Kenny Mahala graduated in 2010 and was perhaps the best player in Andrean baseball history. He was the best on Pishkur’s ‘09 and ‘10 state championship teams. He then played at Ball State, too.
Sean Manaea also graduated in 2010. He wasn’t at the event. He’s at Spring Training for the Oakland A’s. The massive lefty threw a no-hitter against the Red Sox in 2018 and started the Wild Card game last fall. You should be able to watch him on the TV for the next decade.
Phil Mason returned “home” as he said and was inducted. He coached the 59ers from 2008 through 2015, winning state in ‘13 and returning to the state final in ‘14. The current coach at Michigan City thanked the student athletes, their parents and his family in an emotional speech.
“Thanks for allowing your kids to call me coach,” he said. “That means the world to me.”
Bob Buscher coached the 59ers boys basketball program from 1988 through 1996, winning five single-class sectionals. Under his leadership, Andrean went from average to excellent on the hardwood and this has remained so ever since. Please keep coach Buscher in your prayers as he wasn’t able to make it due to a family illness.

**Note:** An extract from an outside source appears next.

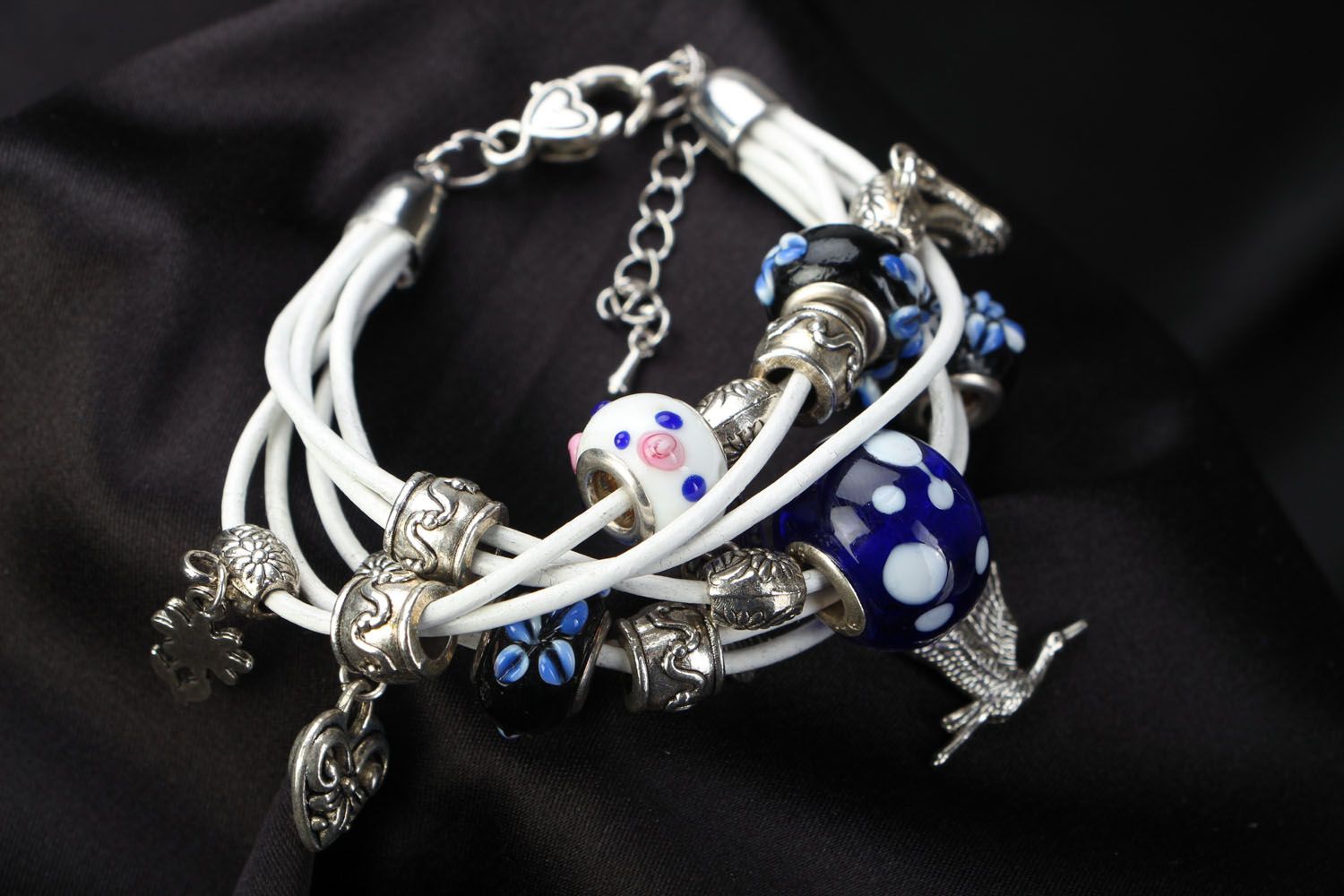 Bracelet en perles de verre lampwork fait main photo 1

All these names you know and remember. You’ve probably never heard of George Walton. The success of Andrean comes from people who work behind the scenes to make sure the lights are plugged in and the goalposts are straight on the field of play. This is what Walton did for many years. All high schools have such volunteers who sweat and work off the main stage. Make sure you say thank you to people like Walton.
And finally, Andrean’s 2012 softball team was inducted. Coach Brooke Baker-Runyon and several members of that great team were there. They did a group speech about what that talented team was able to accomplish, led by pitching ace Nikki Steinbach.
Having been away from such things for a year and a half I was moved by the words and stories spoken at the event. These Hall of Famers spoke of sacrifice. Giving it everything you have every day. Belief in others. A collective example of the old saying, “Tradition Never Graduates.”
Family was spoken about a lot. This is the backbone of athletic success on Broadway.
Thank you for allowing me to observe this great event and great people. It was a lot of fun.
Can it be that it was all so simple then? Or has time re-written every line? If we had a chance to do it all again, tell me would we? Could we?